Чтобы нарушить тяжёлую тишину, Феликс начал читать. Не громко, не для аудитории. Просто для них двох. Голосом, тихим и мелодичным, он произносил строчки, которые, как ему казалось, подходили к моменту.
«Я вас любил: любовь еще, быть может,
В душе моей угасла не совсем;
Но пусть она вас больше не тревожит;
Я не хочу печалить вас ничем…»
Хёнджин замер. Кисть застыла в воздухе. Он не обернулся, но его спина стала чуть менее напряжённой.
—Опять твой Пушкин, — пробурчал он, но без обычной едкости.
—Он умел говорить о невозможном, — мягко сказал Феликс. — О любви, которую нельзя признать. О боли, которую нужно нести молча. О прощании, которое длится вечность.
«Я вас любил безмолвно, безнадежно,
То робостью, то ревностью томим;
Я вас любил так искренно, так нежно,
Как дай вам бог любимой быть другим.»
Последние слова повисли в воздухе, тихие и чистые, как слеза. Хёнджин медленно опустил кисть, повернулся. Его лицо было усталым, но в глазах не было насмешки.

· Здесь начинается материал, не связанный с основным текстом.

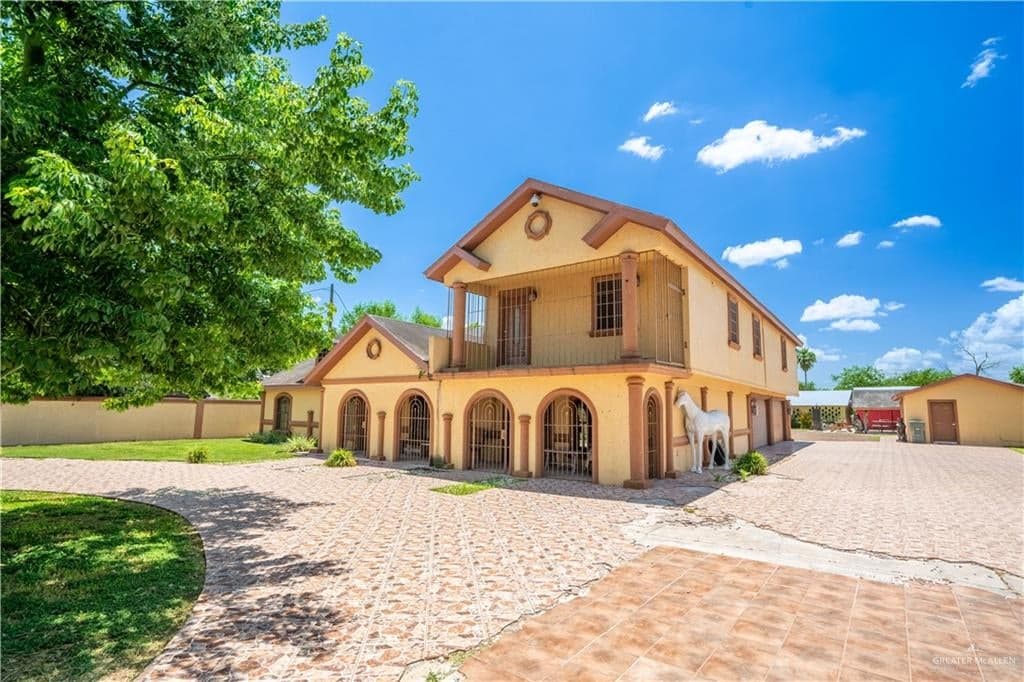 Main property image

Было что-то уязвимое, открытое.
—Ты думаешь, это про нас? Про «безнадёжно» и «безмолвно»?
—Нет, — покачал головой Феликс, спрыгивая с подоконника. — Это про тех, кто сдался. Мы не сдались. Мы ругаемся из-за носков, мы колем друг друга словами, но мы… говорим. Даже когда это больно. Мы не безмолвны.
Он подошёл к Хёнджину, остановился перед ним, глядя снизу вверх. Хёнджин смотрел на него, и в его взгляде была та самая сложная смесь чувств, которую Феликс научился читать: раздражение, обожание, потребность в дистанции и страх её потерять.
—Тогда зачем ты это читаешь? — спросил Хёнджин.
—Чтобы помнить, какой могла бы быть альтернатива. Тишина. Отчаяние. Мы выбрали шум. Даже если это шум ссоры. Он… живее.
Хёнджин ничего не сказал. Он просто протянул руку, запачканную синей краской, и провёл большим пальцем по щеке Феликса, оставив яркий след. Жест был одновременно грубым и невероятно нежным.
—Дурак, — произнёс он, но в его голосе не было оскорбления. Была признательность.
—Твой дурак, — улыбнулся Феликс, прижимаясь щекой к его ладони.
Они стояли так среди красок и холстов, в тишине, которая больше не была тяжёлой, а была наполненной пониманием. Поэзия Пушкина была мостом над пропастью их различий. Напоминанием о том, что даже самая сложная, колючая любовь, выраженная вслух, — это дар. Дар, который они, в отличие от лирического героя тех строк, решили не терять в безмолвии. Они выбрали шум. И в этом шуме был их единственный, неповторимый покой.